_DATA IN THIS EXERCISE_:
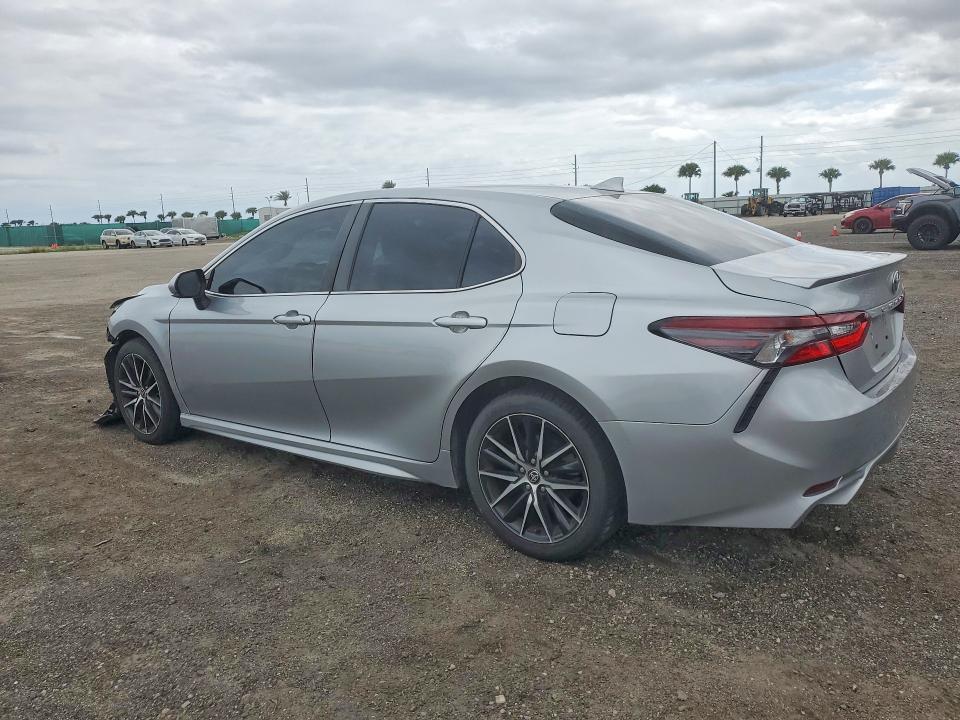 2022 Toyota Camry მანქანა იყიდება აუქციონზე, vin: 4T1G11AK9NU652953, აუქციონის ნომერი: 56059076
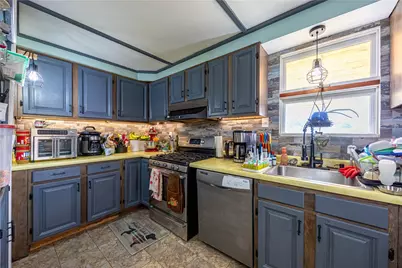 751 6th St, Pitcairn, PA 15140 - Photo 5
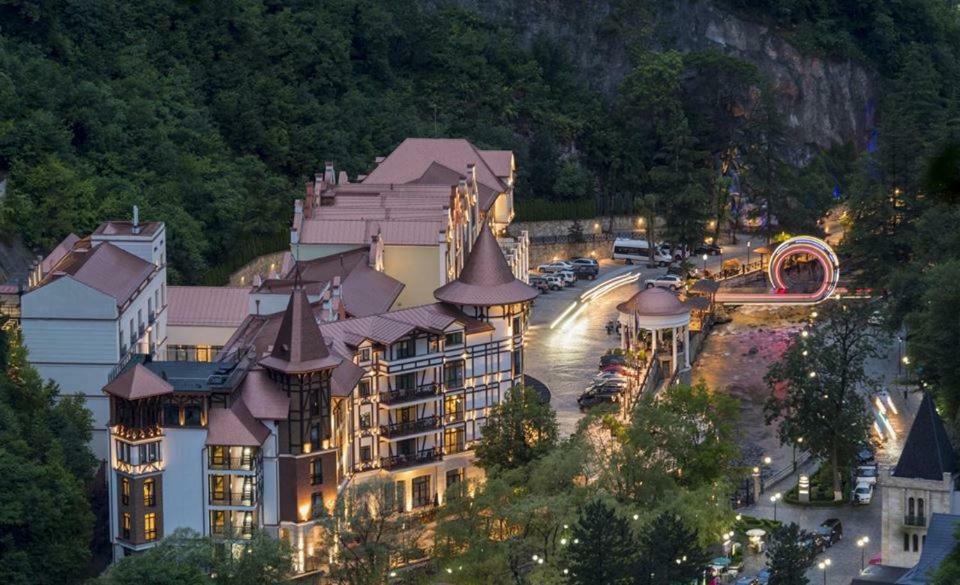 Apart-Otel Nino Borjomi Εξωτερικό φωτογραφία
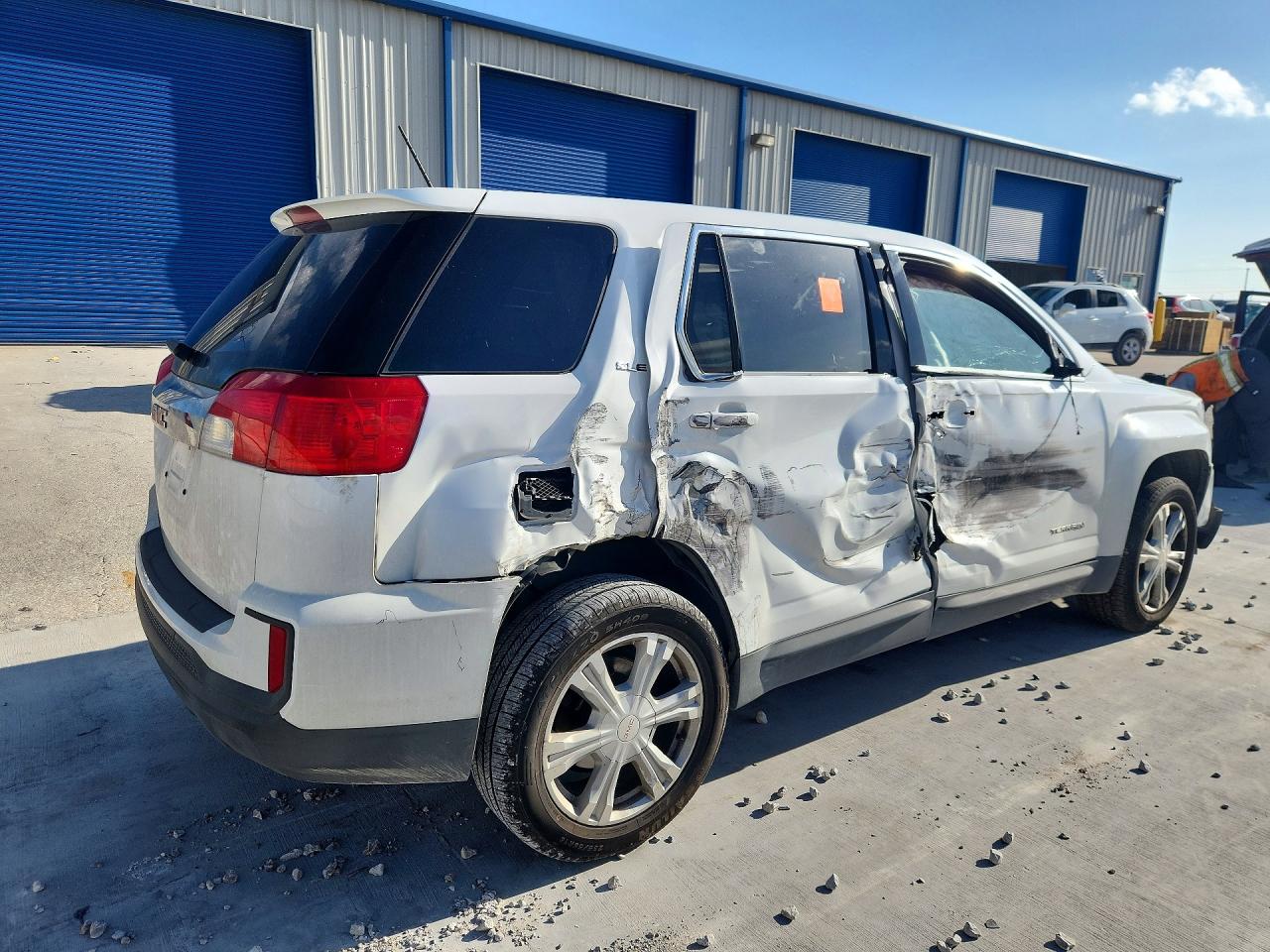 2GKALMEK0H6353133 · 2017 GMC TERRAIN · 3/13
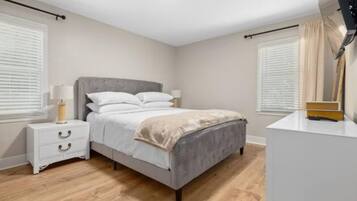 3 chambres, fer et planche Ă repasser, Wi-Fi, draps fournis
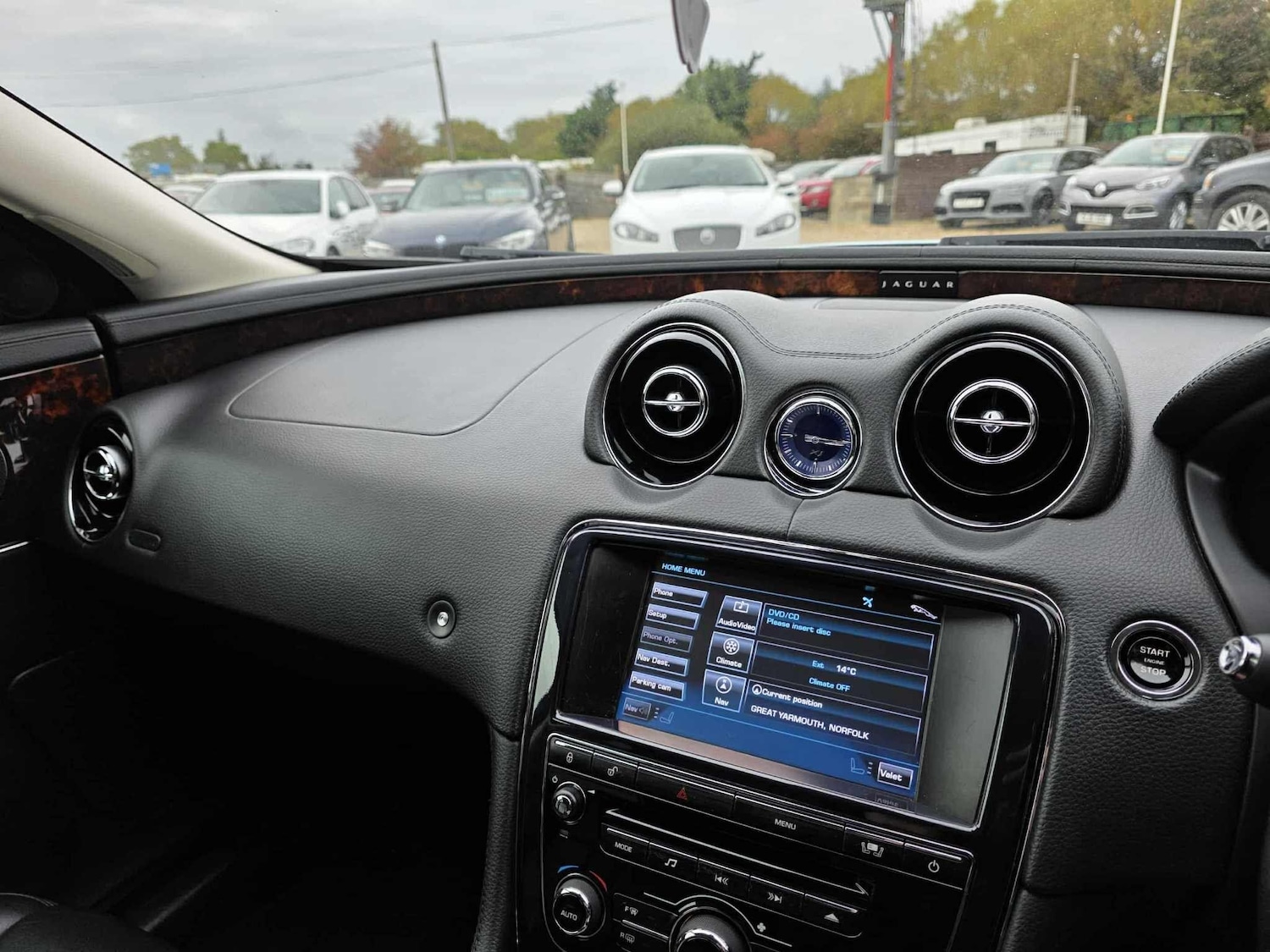 Used Jaguar XJ 2011 for sale - 76599473: Photo 23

_WORK REQUIRED_:
Please transcribe every entry exactly as written, leaving the pictures out.

_SOLUTION FOR THIS PROBLEM_:
 2022 Toyota Camry მანქანა იყიდება აუქციონზე, vin: 4T1G11AK9NU652953, აუქციონის ნომერი: 56059076
 751 6th St, Pitcairn, PA 15140 - Photo 5
 Apart-Otel Nino Borjomi Εξωτερικό φωτογραφία
 2GKALMEK0H6353133 · 2017 GMC TERRAIN · 3/13
 3 chambres, fer et planche Ă repasser, Wi-Fi, draps fournis
 Used Jaguar XJ 2011 for sale - 76599473: Photo 23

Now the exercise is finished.